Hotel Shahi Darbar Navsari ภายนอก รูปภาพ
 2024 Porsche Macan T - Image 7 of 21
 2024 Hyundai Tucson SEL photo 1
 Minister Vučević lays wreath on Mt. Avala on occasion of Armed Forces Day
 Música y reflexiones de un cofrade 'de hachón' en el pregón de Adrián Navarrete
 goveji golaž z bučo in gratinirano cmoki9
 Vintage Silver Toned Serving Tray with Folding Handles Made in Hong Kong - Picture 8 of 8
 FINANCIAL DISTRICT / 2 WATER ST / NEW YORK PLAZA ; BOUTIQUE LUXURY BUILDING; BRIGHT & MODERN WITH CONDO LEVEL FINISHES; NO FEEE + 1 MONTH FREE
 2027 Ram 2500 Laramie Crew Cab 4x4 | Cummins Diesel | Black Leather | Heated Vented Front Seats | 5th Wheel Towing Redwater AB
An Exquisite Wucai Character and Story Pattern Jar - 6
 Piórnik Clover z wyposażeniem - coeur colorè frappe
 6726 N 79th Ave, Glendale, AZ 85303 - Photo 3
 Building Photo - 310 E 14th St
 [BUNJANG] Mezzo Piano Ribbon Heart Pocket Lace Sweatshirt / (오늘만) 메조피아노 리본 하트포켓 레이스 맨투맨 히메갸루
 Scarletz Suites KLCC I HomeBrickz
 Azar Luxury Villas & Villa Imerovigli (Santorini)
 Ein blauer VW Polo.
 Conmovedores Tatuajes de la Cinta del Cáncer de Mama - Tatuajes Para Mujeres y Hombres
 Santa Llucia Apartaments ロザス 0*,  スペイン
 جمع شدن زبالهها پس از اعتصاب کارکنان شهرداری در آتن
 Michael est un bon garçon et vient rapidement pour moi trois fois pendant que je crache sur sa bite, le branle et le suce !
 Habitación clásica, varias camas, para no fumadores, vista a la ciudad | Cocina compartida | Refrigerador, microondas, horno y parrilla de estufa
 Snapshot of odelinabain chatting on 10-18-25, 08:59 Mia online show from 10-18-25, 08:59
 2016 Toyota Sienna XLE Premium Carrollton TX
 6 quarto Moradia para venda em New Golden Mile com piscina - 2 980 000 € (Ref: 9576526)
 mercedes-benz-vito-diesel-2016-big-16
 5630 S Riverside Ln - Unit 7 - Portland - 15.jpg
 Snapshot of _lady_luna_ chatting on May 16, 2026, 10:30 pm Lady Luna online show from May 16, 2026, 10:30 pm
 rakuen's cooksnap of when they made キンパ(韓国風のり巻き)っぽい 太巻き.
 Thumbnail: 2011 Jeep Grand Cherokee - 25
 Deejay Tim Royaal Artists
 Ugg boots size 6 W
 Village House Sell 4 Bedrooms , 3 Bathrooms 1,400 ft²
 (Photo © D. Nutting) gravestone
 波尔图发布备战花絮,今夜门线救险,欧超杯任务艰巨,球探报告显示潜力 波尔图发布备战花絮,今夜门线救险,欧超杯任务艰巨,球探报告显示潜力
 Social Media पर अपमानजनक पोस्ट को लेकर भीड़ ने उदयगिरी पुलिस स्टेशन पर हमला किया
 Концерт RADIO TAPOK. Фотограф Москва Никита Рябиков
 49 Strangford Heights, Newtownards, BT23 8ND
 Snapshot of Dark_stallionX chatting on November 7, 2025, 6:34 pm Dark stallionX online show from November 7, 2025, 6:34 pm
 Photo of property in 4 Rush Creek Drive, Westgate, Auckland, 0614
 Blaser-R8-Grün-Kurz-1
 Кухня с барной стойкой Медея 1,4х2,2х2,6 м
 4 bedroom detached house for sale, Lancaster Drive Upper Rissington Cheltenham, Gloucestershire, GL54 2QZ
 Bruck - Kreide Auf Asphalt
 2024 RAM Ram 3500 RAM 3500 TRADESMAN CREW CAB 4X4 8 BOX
━━━━━━
__What the task asks__
Would you print exactly and only the lines of the material above that run from the line with "Snapshot of odelinabain" through the line with "Thumbnail: 2011 Jeep Grand Cherokee - 25", both included?

__Exercise solution__
 Snapshot of odelinabain chatting on 10-18-25, 08:59 Mia online show from 10-18-25, 08:59
 2016 Toyota Sienna XLE Premium Carrollton TX
 6 quarto Moradia para venda em New Golden Mile com piscina - 2 980 000 € (Ref: 9576526)
 mercedes-benz-vito-diesel-2016-big-16
 5630 S Riverside Ln - Unit 7 - Portland - 15.jpg
 Snapshot of _lady_luna_ chatting on May 16, 2026, 10:30 pm Lady Luna online show from May 16, 2026, 10:30 pm
 rakuen's cooksnap of when they made キンパ(韓国風のり巻き)っぽい 太巻き.
 Thumbnail: 2011 Jeep Grand Cherokee - 25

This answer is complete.